If you use Cloudflare or another CDN, check the SSL mode and HTTPS rules separately. Cloudflare manages two connections: one between the user and Cloudflare, and another between Cloudflare and the origin server, so the issue may lie in this connection chain.
Why does mixed content remain after enabling SSL?
Mixed content occurs when a page is loaded over HTTPS, but some resources are loaded over HTTP. These may include images, stylesheets, scripts, fonts, iframes, videos, or API requests.
The certificate itself may be valid. The issue lies in the links within the site, the template, CMS, database, cache, CDN, or external widgets.
MDN describes mixed content as a situation where a secure page uses resources that are loaded over HTTP or another insecure protocol.
Check the browser’s DevTools: the Console and Network tabs.
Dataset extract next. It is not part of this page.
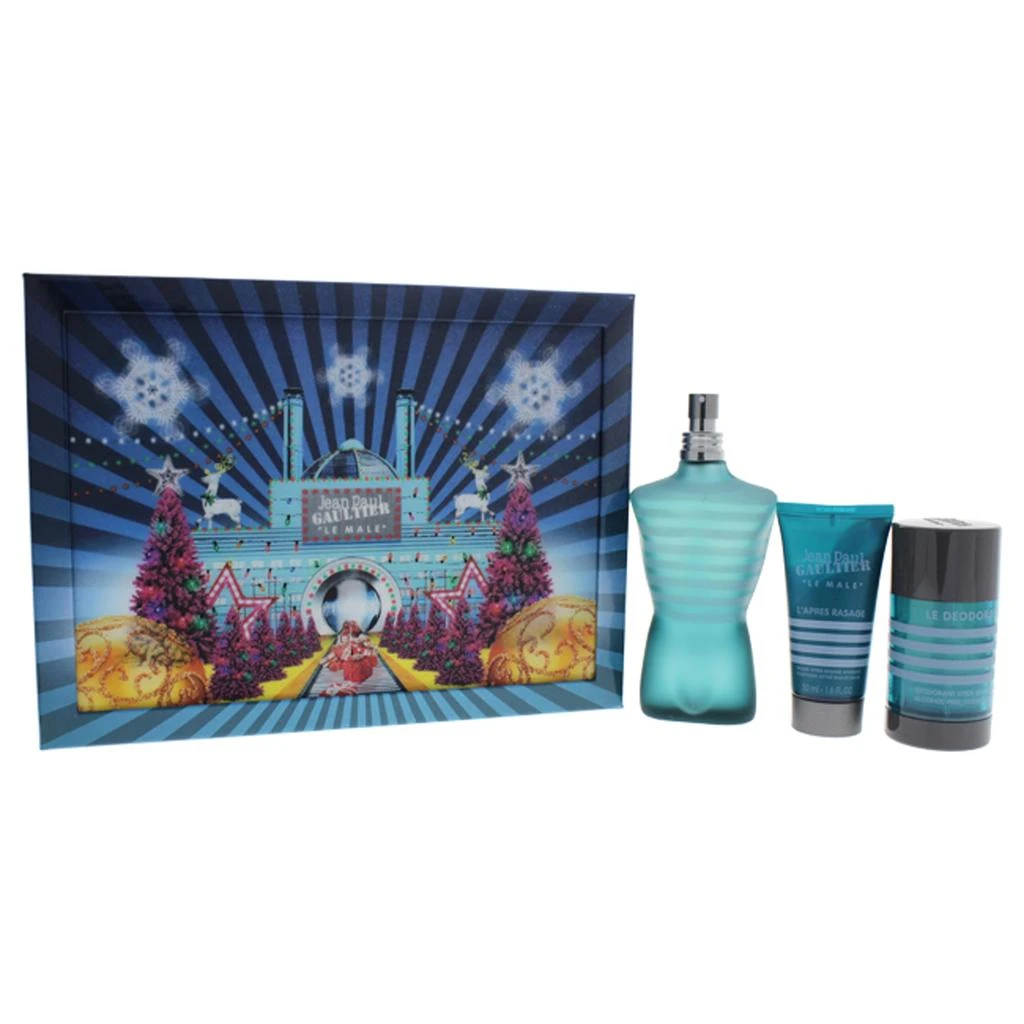 Jean Paul Gaultier Le Male by  for Men - 3 Pc Gift Set 4.2oz EDT Spray, 1.6oz Soothing After Shave Balm, 2.6oz Alcohol-Free Deodorant Stick 1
All internal resources, forms, scripts, and APIs must use HTTPS.
How can you tell which certificate the server is actually presenting?
Use openssl s_client for this: openssl s_client -connect example.com:443 -servername example.com
The -servername parameter is important because multiple domains can share the same IP address. It sends SNI and helps the server select the certificate for the correct site.
To view the certificate dates: echo | openssl s_client -connect example.com:443 -servername example.com 2>/dev/null | openssl x509 -noout -dates
To check the domains in the certificate: echo | openssl s_client -connect example.com:443 -servername example.com 2>/dev/null | openssl x509 -noout -text | grep -A1 "Subject Alternative Name"
This lets you determine whether the server is presenting the new certificate, whether the certificate has expired, and whether it is valid for the required domain.
Can Cloudflare break SSL?
Yes, if the SSL mode, redirects, or the certificate on the origin server are configured incorrectly.
For example, in Flexible mode, Cloudflare accepts HTTPS from the user but connects to the origin server over HTTP. This can create redirect conflicts and make the site appear to be “on HTTPS,” while the scheme between the CDN and the server is different.
In Full mode, Cloudflare uses an HTTPS connection between the visitor and Cloudflare, and also connects to the origin server using the scheme requested by the visitor.
If the error appeared after enabling the CDN, check the SSL mode, redirect rules, the certificate on the origin server, DNS proxying, and the “Always Use HTTPS” setting or similar features.
Do I need to reissue the certificate after changing the IP address?
A certificate is usually issued for a domain, not for an IP address. Therefore, after changing the IP address, the certificate does not always need to be reissued. If the IP address is included in the SAN, the certificate will need to be reissued.
In any case, you need to update the DNS records so that the domain points to the new VPS or the new origin server. After that, it is important to verify that the new server has a valid certificate and that the web server serves it for the correct domain.
If you have migrated the website to a new VPS, it is better not to blindly copy the old SSL configuration, but to check:
dig +short example.com
curl -I https://example.com
openssl s_client -connect example.com:443 -servername example.com
If the certificate is missing on the new server, has expired, or was issued for a different domain, you need to issue a new one.